▶ [PROBLEM DESCRIPTION] Your job is to retype the whole listing exactly.

▶ [GIVEN DATA]

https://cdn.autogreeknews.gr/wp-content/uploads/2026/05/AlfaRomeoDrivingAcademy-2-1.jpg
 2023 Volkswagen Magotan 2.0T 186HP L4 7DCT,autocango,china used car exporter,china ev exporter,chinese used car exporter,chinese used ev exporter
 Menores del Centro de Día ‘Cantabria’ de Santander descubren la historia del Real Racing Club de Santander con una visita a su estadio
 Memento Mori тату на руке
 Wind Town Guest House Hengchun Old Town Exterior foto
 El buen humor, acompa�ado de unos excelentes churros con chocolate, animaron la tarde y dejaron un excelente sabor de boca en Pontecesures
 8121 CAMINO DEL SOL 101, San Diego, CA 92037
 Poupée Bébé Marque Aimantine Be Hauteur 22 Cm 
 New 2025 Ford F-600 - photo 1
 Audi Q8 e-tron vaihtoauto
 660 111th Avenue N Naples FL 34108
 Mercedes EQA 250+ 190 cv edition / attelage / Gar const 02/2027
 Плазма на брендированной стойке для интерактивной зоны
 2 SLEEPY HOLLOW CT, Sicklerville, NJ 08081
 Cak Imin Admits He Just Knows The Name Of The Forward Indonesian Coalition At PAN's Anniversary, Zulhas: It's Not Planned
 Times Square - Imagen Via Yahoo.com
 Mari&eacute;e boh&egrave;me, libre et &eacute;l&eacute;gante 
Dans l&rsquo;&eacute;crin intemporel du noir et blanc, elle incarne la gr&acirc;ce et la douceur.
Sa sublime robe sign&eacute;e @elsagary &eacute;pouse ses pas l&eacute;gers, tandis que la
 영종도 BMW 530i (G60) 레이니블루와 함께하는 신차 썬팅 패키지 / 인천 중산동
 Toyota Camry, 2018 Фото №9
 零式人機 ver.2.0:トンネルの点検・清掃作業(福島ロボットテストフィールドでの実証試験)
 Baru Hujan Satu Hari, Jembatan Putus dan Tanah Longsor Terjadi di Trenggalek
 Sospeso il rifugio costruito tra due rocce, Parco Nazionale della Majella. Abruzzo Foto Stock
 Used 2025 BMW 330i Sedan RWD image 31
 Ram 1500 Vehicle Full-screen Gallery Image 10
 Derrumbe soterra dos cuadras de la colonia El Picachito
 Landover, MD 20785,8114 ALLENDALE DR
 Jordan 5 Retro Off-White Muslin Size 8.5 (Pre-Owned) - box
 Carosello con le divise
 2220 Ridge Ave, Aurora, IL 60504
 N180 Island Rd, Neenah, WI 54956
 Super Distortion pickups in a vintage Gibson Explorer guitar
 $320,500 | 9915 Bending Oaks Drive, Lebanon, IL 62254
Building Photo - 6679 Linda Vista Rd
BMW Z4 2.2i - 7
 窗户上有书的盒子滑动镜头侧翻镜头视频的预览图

▶ [COMPLETED TASK]
https://cdn.autogreeknews.gr/wp-content/uploads/2026/05/AlfaRomeoDrivingAcademy-2-1.jpg
 2023 Volkswagen Magotan 2.0T 186HP L4 7DCT,autocango,china used car exporter,china ev exporter,chinese used car exporter,chinese used ev exporter
 Menores del Centro de Día ‘Cantabria’ de Santander descubren la historia del Real Racing Club de Santander con una visita a su estadio
 Memento Mori тату на руке
 Wind Town Guest House Hengchun Old Town Exterior foto
 El buen humor, acompa�ado de unos excelentes churros con chocolate, animaron la tarde y dejaron un excelente sabor de boca en Pontecesures
 8121 CAMINO DEL SOL 101, San Diego, CA 92037
 Poupée Bébé Marque Aimantine Be Hauteur 22 Cm 
 New 2025 Ford F-600 - photo 1
 Audi Q8 e-tron vaihtoauto
 660 111th Avenue N Naples FL 34108
 Mercedes EQA 250+ 190 cv edition / attelage / Gar const 02/2027
 Плазма на брендированной стойке для интерактивной зоны
 2 SLEEPY HOLLOW CT, Sicklerville, NJ 08081
 Cak Imin Admits He Just Knows The Name Of The Forward Indonesian Coalition At PAN's Anniversary, Zulhas: It's Not Planned
 Times Square - Imagen Via Yahoo.com
 Mari&eacute;e boh&egrave;me, libre et &eacute;l&eacute;gante 
Dans l&rsquo;&eacute;crin intemporel du noir et blanc, elle incarne la gr&acirc;ce et la douceur.
Sa sublime robe sign&eacute;e @elsagary &eacute;pouse ses pas l&eacute;gers, tandis que la
 영종도 BMW 530i (G60) 레이니블루와 함께하는 신차 썬팅 패키지 / 인천 중산동
 Toyota Camry, 2018 Фото №9
 零式人機 ver.2.0:トンネルの点検・清掃作業(福島ロボットテストフィールドでの実証試験)
 Baru Hujan Satu Hari, Jembatan Putus dan Tanah Longsor Terjadi di Trenggalek
 Sospeso il rifugio costruito tra due rocce, Parco Nazionale della Majella. Abruzzo Foto Stock
 Used 2025 BMW 330i Sedan RWD image 31
 Ram 1500 Vehicle Full-screen Gallery Image 10
 Derrumbe soterra dos cuadras de la colonia El Picachito
 Landover, MD 20785,8114 ALLENDALE DR
 Jordan 5 Retro Off-White Muslin Size 8.5 (Pre-Owned) - box
 Carosello con le divise
 2220 Ridge Ave, Aurora, IL 60504
 N180 Island Rd, Neenah, WI 54956
 Super Distortion pickups in a vintage Gibson Explorer guitar
 $320,500 | 9915 Bending Oaks Drive, Lebanon, IL 62254
Building Photo - 6679 Linda Vista Rd
BMW Z4 2.2i - 7
 窗户上有书的盒子滑动镜头侧翻镜头视频的预览图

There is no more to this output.